19th Jan 2020 (Updated 22nd June 2021)

Understanding how to run product experiments is a science. I've learnt from the school of hard knocks running them, and hope to share what I've learnt so that you know the basics and don't have to start from scratch.

It is advisable to work with a data scientist (or even better, have one embedded in your team) if you're thinking of running one. They can help you with experiment design and project your impact based on historical probability.

Experimental results can be **directional** or **statistically-significant**.

Directional is when you want to validate a hypothesis, but don't need it to be mathematically-accurate and take into account false positives or negatives.

You may be seeing a direction of change, but it could be due to random chance, seasonality or skewed data based on how you run the experiment.

The most common example is changing the onboarding flow for evaluators which impacts business revenue. **The bigger the experience change, the bigger the risk.**

The possibility of a positive impact may also be higher with a bigger change, as **small cosmetic changes may not move the needle**. If possible, push for a more daring change to overcome the local maxima problem.

You may have a degree of confidence in your new design based on qualitative research, but need bigger volume to validate your hypothesis as the **small research sample size may not be representative of your customer base**.

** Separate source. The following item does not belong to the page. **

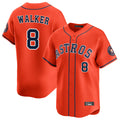 MATTH H.Astros #8 Christian Walker Player Orange Home Limited Stitched Jerseys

Running an experiment like this requires a pre-determined sample size based on the baseline conversion rate, as well as the degree of confidence (significance level) and precision required for the results. **For smaller lifts or higher degrees of accuracy, a higher volume is required.**

If the volume going through the flow where the change happens is very low, it may take months to run an experiment which is **too costly**. You might be better off validating your hypothesis using other methods.

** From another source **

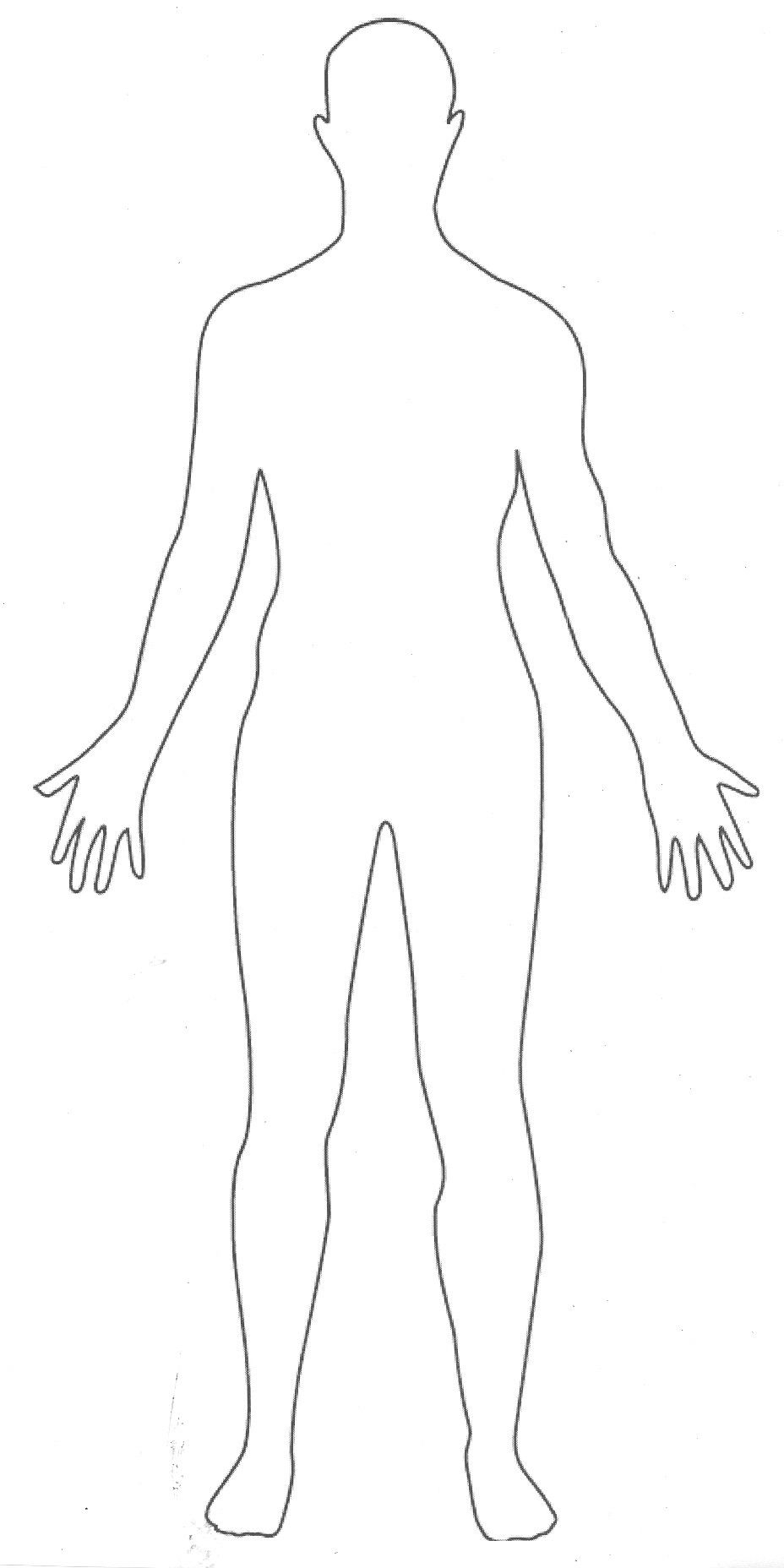 Pinrandy Sassmann On Images | Human Body Drawing, Body With Blank Body Map Template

Now that we know what type of experiment we are running, let's look at the **basic phases of an experiment (excluding development)**.

You may want to negotiate with other experiment teams to wait for your experiment to finish first in order to prevent experiment pollution, assuming yours is of a higher business priority.

Feature-flagged progressive rollouts of new features will usually not clash with your experiment. However, if the rollout is very slow over a few months and the feature is likely to impact your success metric, you might want to mitigate the risk of experiment pollution.

You also want to run your experiment over any typical cycles of seasonality, i.e. by time of day or week.

- If you fill your volume on the first day, those users might not be representative of a full week's users.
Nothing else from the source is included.